The approach to Franklyn Lake has been to try the black box approaches. Secrecy doesn't work with mining professionals. It only works for stock promotion. One method they attempted was so deadly when used, you could get very sick just by touching the chemicals. I did some due diligence work there. I wasn't against the project, I was against the secrecy and the lack of proof of anything, their poor use of funds and other reasons. However, by using conventional assays designed for arsenous ores, I did find common gold and silver there. Without a good drilling program followed by good custom assays, who knows the value of Franklyn Lake. I believe a few of the better labs like Ledoux have confirmed gold there, but not the type of values that fit deposits that dreams are made of. My information is more than a year or so old, I have not followed the progress there lately.

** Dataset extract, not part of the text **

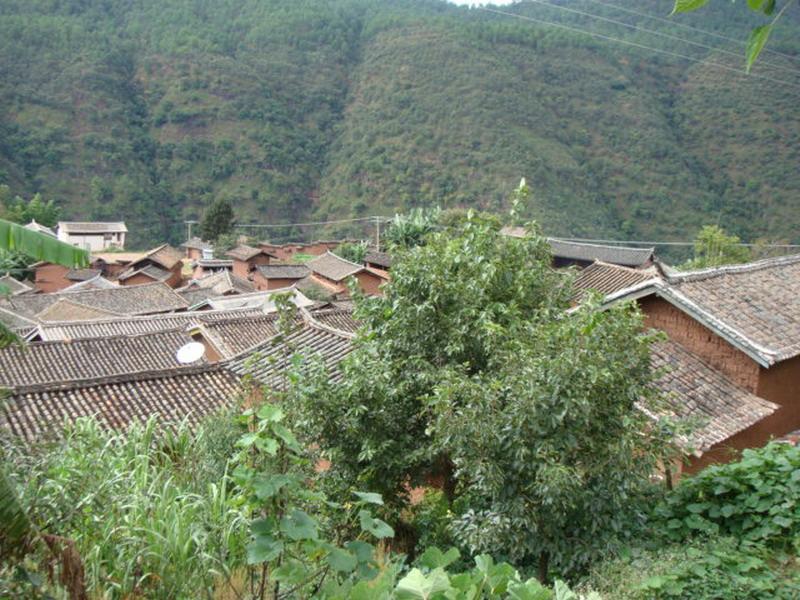 田房村(雲南楚雄市永仁縣中和鎮下轄村) 田房村(雲南楚雄市永仁縣中和鎮下轄村)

Franklyn Lake can get accepted when they quit trying to impress the world and try to develop a mine. They have enough information to know that there is gold in those desert dirts. They can't prove how much. After the fiasco in Indonesia, I would suggest that they begin by starting some simple lab scale metallurgical extractions with assay control. If the assays don't balance, work out the difficulties with good accepted problem solving methods. Once the assays are in balance you can start process development. In the beginning, it makes no difference what the recovery is. It is only important that the tail and the recoveries are subtracted from the head and the number approaches a reasonable balance. By keeping good notes and then having a major lab like Ledoux verify the assays by the developed method, every mining company in the country will understand the implications and be willing to seriously look at the project providing the values still look commercial and the ecological considerations don't scare them off.

Agricola back in the 15th century knew this much.

There was a volcano in Idaho, the Moonstone eruption. It had a 5 mile wide blow hole. It totally blew out the sulfur portion of the magma chamber into the atmosphere. The ash from the blast was 15 feet thick 1000 miles east of the volcano. At the time there were hippos, elephants, horses, cows, camels and other animals on the North American continent. After the blast, all of these creatures were extinct in North America. The end was fast. That volcano vented microcluster precious metals values as well as scattered uranium anomalous sediments all over North America. Now that was a microcluster event. Copper, gold, silver and who knows what else? I am not making any economic assertions for the situation there, but just saying that some volcanoes were sulfur deficient after first blowing their top off. Lucky for us no volcano like this has erupted since man has appeared on the face of the earth.